### What this task involves
In the listing below, which lines contain the string "Silvia"? Copy them all.

### Extracted entries

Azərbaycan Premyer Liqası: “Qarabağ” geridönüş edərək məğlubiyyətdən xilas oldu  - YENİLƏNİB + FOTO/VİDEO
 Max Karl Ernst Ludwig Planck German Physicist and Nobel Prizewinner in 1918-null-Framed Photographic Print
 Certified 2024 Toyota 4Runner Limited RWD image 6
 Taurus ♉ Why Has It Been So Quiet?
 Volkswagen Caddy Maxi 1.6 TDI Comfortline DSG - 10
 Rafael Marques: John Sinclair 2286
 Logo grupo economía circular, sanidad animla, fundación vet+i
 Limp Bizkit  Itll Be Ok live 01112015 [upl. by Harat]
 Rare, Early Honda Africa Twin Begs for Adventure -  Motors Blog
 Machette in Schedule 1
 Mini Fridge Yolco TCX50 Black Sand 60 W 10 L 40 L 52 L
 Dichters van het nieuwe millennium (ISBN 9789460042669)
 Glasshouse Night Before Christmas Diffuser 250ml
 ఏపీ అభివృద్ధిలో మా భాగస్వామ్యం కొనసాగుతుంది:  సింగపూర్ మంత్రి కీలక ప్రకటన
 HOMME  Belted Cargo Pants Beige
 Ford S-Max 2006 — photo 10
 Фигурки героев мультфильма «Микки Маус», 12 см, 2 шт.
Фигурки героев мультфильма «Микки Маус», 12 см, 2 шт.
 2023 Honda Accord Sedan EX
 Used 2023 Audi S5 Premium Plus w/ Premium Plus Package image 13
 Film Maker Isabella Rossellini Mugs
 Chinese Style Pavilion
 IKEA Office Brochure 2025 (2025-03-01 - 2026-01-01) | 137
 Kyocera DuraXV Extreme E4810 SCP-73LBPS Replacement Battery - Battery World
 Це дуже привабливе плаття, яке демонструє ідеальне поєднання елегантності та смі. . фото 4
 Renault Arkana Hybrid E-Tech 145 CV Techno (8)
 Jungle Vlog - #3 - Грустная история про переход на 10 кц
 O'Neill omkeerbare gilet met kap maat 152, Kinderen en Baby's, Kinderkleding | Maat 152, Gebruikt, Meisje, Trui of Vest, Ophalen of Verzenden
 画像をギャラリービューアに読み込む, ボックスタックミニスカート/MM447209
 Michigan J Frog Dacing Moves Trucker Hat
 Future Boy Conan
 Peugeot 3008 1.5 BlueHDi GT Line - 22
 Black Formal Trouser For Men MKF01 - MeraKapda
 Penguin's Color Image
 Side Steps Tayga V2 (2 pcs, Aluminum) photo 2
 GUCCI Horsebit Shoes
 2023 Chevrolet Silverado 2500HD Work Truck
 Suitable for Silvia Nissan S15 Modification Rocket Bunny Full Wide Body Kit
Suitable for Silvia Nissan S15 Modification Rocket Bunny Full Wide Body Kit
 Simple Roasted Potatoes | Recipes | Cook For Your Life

### Solution for this problem
 Suitable for Silvia Nissan S15 Modification Rocket Bunny Full Wide Body Kit
Suitable for Silvia Nissan S15 Modification Rocket Bunny Full Wide Body Kit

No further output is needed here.